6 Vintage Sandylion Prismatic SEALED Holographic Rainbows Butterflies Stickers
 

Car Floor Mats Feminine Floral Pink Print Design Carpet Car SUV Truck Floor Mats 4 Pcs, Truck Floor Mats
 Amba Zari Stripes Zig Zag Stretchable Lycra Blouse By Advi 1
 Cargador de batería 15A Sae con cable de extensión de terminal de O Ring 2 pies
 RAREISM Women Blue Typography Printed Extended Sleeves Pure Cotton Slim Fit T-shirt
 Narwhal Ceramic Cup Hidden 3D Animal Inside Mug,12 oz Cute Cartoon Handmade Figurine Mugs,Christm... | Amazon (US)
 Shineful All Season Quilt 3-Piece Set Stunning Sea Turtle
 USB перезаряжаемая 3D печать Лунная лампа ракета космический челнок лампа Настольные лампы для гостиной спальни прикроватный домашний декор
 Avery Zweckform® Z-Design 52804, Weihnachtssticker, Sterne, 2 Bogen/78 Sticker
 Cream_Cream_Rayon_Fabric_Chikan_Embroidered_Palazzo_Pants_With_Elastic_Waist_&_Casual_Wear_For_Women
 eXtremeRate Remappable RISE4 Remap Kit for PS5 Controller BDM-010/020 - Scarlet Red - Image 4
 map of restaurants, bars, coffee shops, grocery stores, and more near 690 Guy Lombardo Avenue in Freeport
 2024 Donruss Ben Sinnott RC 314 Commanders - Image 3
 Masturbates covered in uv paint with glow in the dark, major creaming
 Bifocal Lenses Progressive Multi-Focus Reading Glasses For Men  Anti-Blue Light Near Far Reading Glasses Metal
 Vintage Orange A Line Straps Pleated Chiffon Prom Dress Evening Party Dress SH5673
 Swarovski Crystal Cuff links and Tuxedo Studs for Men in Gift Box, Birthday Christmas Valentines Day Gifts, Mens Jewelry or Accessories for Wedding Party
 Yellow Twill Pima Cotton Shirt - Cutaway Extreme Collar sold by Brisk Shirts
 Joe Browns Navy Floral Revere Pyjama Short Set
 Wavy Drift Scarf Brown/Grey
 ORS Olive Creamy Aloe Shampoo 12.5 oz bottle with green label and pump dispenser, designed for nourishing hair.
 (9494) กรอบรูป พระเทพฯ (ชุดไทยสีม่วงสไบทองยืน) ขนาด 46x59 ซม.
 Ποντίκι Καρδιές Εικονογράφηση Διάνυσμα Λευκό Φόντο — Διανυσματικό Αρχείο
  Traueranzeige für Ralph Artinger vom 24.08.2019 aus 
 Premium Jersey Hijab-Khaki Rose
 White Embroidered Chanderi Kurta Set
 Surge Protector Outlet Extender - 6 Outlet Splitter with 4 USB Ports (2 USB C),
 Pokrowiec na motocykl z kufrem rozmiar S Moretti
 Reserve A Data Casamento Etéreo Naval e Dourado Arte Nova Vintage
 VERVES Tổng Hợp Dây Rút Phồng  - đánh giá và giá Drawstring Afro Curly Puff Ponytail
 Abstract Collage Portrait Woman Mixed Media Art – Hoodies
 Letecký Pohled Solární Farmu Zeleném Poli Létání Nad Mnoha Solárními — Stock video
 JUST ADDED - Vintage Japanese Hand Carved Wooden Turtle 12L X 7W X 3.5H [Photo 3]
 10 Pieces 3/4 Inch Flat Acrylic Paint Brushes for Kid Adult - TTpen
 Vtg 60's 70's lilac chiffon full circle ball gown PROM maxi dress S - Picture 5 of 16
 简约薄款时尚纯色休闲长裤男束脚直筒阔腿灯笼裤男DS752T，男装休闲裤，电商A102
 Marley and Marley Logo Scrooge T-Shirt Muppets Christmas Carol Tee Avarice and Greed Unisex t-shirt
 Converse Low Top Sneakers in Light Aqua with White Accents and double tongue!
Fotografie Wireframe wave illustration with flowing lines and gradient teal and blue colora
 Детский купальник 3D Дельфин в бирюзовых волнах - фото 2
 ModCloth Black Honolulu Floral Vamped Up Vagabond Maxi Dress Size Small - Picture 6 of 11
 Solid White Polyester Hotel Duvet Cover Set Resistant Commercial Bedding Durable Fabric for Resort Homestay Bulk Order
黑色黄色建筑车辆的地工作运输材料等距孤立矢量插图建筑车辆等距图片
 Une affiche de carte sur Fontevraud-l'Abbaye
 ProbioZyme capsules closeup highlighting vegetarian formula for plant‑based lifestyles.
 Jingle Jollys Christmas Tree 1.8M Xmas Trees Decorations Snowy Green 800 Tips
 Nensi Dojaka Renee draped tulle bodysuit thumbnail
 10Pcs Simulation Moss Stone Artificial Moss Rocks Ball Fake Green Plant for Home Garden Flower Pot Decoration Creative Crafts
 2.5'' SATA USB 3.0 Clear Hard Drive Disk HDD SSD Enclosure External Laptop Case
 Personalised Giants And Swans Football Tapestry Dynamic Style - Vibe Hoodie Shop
----
Task goal | Every line of the records above where the string "Picture" is found should be copied.

Response box |
 Vtg 60's 70's lilac chiffon full circle ball gown PROM maxi dress S - Picture 5 of 16
 ModCloth Black Honolulu Floral Vamped Up Vagabond Maxi Dress Size Small - Picture 6 of 11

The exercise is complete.